After representing so many Federal and Postal employees over these many years, there are stories which continue to sadden me; as with all professionals, I attempt to bifurcate my life, and not get “personally” involved with my cases.  To blur the lines between providing sound and effective legal advice, and getting “involved” in the personal tragedies of my clients, would certainly undermine the professional effectiveness needed in providing for my clients.  To a great extent, I am successful. Every now and then, however, I am informed of a tragedy — and it touches me. Perhaps that is a good thing; for one can become insensitive, or “de-sensitized” in a way that can be detrimental.

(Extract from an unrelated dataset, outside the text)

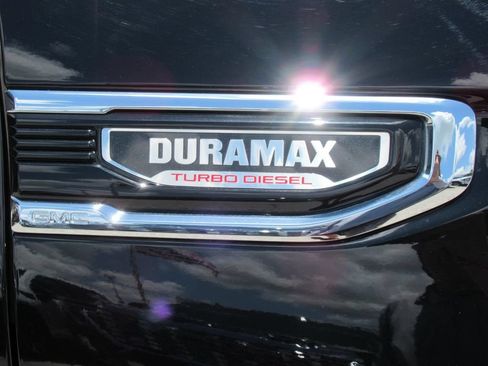 Used 2023 GMC Sierra 1500 SLT w/ SLT Premium Package AWD/4WD image 36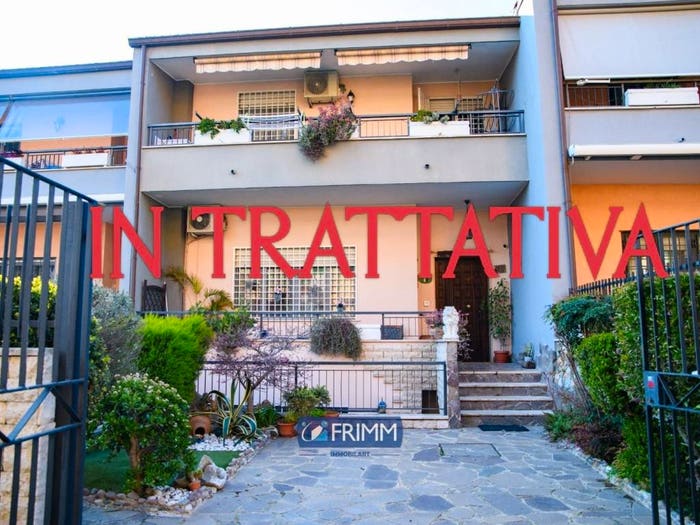 Casa con 6 locali in vendita in Via Arturo Toscanini, Semicentro, Aprilia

I try and explain to many people that getting Federal Disability Retirement benefits should never be a judgment upon one’s career — let alone one’s life. A career can span a lifetime, or it can extend for a couple of years (i.e., at least the 18 months of Federal Service that is needed to even qualify under FERS). However long, to come to a point in one’s career where it becomes necessary to acknowledge to one’s self that certain medical conditions are directly impacting one’s ability to perform the essential elements of the job — such an admission should never be interpreted to mean that such a circumstance has somehow devalued the worth of a person.  Human beings are complex entities, bundled up by personality, uniqueness, family, job, hobbies, thoughts — a compendium of a history of one’s life.  Note that I merely inserted the concept of “job” within a sequence of many facets.  And, indeed, one’s job is important — it takes us away from the many other bundles of our lives, and forces us to expend 8, 10, 12 or more hours per day, Monday thru Friday, and some weekends, too.  But that which takes up a large quantity of our time does not necessarily or logically result in the definitional essence of a human being; the fact that we spend a great deal of time in the bathroom does not mean that such an activity defines our “essence”.  “Worth” of a human being attaches to each of us, and is inseparable from each human being.  One’s job and career constitute only a small part of us.  Let’s keep that in mind, and in its proper perspective.

Sincerely,

Robert R. McGill, Esquire

CSRS & FERS Disability Retirement: The OWCP Danger of Complacency

I have had far too many calls by individuals who were complacent with being on OWCP/DOL temporary total disability compensation. The old adage, “Ignorance of the law is not an excuse”, is still generally true. It is the responsibility of the Federal or Postal employee to file for Federal Disability retirement benefits under FERS or CSRS in a timely fashion — within one (1) year of being separated from Federal Service.  The fact that an individual is on the rolls of Worker’s Comp, receiving Worker’s Comp, receiving a scheduled award, going through rehabilitation or job retraining does not protect or extend the Statute of Limitations of 1 year.  Many people, especially Postal Workers, become separated from service without being properly notified.  A hint:  If you all of a sudden stop receiving those “Zero-balance” pay checks, chances are, you have been terminated & separated from service.  The burden is on the Federal employee to keep on top of things:  ask for your PS Form 50, or SF-50, whichever the case may be; call your agency on a regular basis to make sure that you are still on the rolls of the Agency.  If you have been separated from service, a personnel action should have been initiated.  From that moment — when you have been separated from Federal Service — you have one — I emphasize and reiterate — ONE YEAR from the date of separation from Federal Service to file for disability retirement benefits.